**DATA PROVIDED**
▽

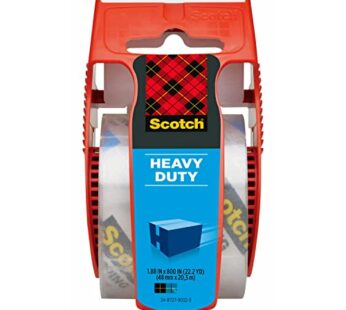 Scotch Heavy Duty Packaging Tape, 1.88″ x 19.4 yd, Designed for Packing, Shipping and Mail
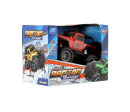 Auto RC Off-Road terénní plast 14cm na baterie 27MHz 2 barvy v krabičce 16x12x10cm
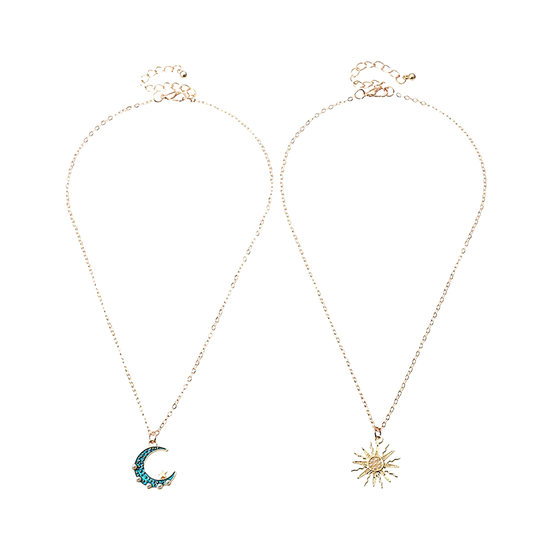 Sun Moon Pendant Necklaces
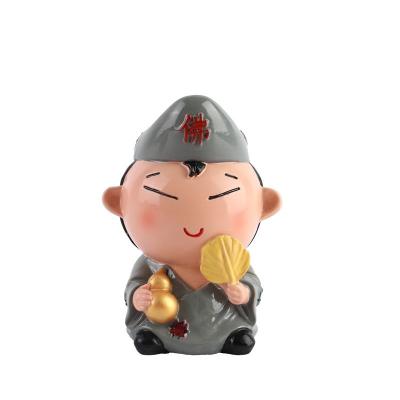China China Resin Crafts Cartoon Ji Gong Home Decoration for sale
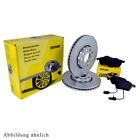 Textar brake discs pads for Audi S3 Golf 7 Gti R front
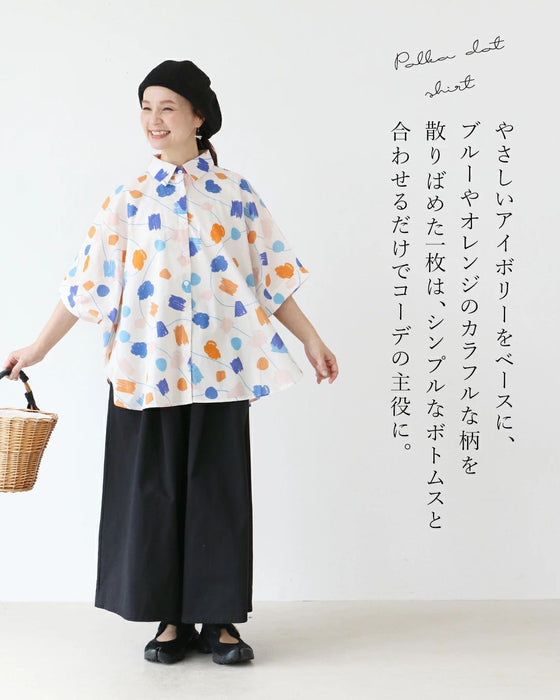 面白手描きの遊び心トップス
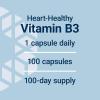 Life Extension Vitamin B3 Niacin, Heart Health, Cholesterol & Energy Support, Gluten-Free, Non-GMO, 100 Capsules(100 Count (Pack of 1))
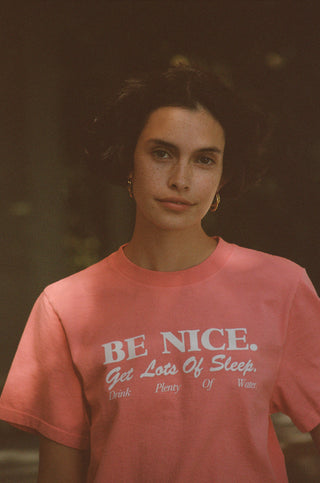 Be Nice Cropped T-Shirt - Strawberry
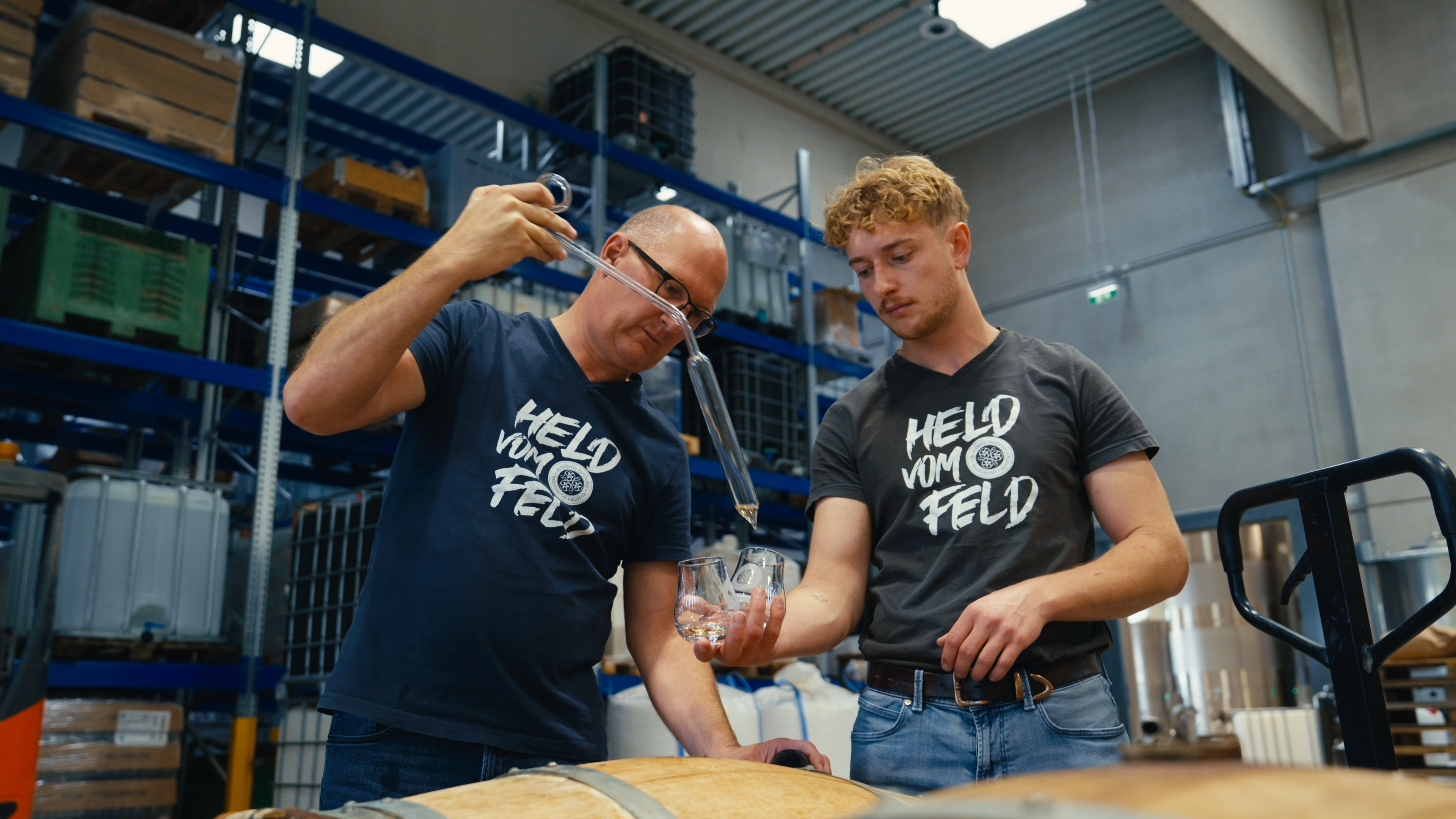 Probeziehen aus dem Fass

△

Output every line of the records above unchanged, and keep the pictures out.

**RESPONSE AREA**
 Scotch Heavy Duty Packaging Tape, 1.88″ x 19.4 yd, Designed for Packing, Shipping and Mail
 Auto RC Off-Road terénní plast 14cm na baterie 27MHz 2 barvy v krabičce 16x12x10cm
 Sun Moon Pendant Necklaces
China China Resin Crafts Cartoon Ji Gong Home Decoration for sale
 Textar brake discs pads for Audi S3 Golf 7 Gti R front
 面白手描きの遊び心トップス
 Life Extension Vitamin B3 Niacin, Heart Health, Cholesterol & Energy Support, Gluten-Free, Non-GMO, 100 Capsules(100 Count (Pack of 1))
 Be Nice Cropped T-Shirt - Strawberry
 Probeziehen aus dem Fass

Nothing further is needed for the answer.